Work instructions | Nothing but the lines holding the string "Velvet" should appear in the answer. Copy them from the entries.

Data to examine |
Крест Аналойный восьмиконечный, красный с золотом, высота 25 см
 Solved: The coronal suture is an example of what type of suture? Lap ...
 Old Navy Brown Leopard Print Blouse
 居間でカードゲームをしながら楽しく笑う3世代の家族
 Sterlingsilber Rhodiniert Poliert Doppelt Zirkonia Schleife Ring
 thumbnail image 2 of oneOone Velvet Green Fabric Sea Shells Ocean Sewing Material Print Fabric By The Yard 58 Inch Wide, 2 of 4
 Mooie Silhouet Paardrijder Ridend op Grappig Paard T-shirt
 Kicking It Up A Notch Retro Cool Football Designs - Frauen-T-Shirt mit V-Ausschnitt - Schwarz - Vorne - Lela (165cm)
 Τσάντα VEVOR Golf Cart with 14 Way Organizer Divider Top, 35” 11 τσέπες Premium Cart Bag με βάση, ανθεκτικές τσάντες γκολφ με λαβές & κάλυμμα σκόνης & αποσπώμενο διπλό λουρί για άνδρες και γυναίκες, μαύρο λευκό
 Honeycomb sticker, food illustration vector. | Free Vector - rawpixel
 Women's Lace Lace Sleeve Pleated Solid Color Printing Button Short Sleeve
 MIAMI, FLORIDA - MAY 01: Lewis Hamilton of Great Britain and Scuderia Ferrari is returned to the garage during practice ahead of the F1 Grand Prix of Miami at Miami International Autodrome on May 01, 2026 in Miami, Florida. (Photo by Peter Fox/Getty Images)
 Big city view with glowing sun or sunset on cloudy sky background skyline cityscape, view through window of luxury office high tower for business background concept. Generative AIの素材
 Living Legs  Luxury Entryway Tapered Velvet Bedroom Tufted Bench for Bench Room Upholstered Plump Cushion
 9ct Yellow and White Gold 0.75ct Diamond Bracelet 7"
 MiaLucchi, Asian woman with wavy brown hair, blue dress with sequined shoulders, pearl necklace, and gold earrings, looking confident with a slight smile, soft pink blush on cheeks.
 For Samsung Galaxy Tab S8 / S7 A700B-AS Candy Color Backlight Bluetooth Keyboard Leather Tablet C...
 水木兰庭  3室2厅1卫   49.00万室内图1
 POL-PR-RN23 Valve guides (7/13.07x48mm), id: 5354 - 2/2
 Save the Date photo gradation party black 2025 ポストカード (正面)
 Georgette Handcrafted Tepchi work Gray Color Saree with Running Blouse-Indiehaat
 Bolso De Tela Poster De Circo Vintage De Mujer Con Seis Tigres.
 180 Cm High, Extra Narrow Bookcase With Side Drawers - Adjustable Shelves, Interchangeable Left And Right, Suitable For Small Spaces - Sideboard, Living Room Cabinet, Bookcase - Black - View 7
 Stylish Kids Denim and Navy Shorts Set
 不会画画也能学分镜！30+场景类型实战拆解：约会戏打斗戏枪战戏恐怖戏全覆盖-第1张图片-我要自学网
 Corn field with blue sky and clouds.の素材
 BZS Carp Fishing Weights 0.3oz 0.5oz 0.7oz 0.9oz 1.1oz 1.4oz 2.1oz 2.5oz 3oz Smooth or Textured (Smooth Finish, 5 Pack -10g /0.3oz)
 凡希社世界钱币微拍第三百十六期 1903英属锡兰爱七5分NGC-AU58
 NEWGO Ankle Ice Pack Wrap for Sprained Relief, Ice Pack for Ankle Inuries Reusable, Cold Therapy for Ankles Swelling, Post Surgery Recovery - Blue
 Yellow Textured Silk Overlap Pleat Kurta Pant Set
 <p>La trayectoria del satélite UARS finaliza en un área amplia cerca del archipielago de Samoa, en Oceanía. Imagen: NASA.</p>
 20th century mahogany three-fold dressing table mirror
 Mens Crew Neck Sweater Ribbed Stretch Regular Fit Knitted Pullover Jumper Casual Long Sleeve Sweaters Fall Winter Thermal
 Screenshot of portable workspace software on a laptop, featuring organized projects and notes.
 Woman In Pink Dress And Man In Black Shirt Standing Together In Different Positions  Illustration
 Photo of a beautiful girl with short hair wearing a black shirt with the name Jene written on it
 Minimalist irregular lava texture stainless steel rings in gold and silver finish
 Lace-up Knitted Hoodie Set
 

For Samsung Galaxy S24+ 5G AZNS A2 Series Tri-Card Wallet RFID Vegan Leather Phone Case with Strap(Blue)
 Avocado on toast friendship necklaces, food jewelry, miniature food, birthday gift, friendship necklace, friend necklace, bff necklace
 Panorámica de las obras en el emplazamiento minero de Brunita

Answer for this exercise |
 thumbnail image 2 of oneOone Velvet Green Fabric Sea Shells Ocean Sewing Material Print Fabric By The Yard 58 Inch Wide, 2 of 4
 Living Legs  Luxury Entryway Tapered Velvet Bedroom Tufted Bench for Bench Room Upholstered Plump Cushion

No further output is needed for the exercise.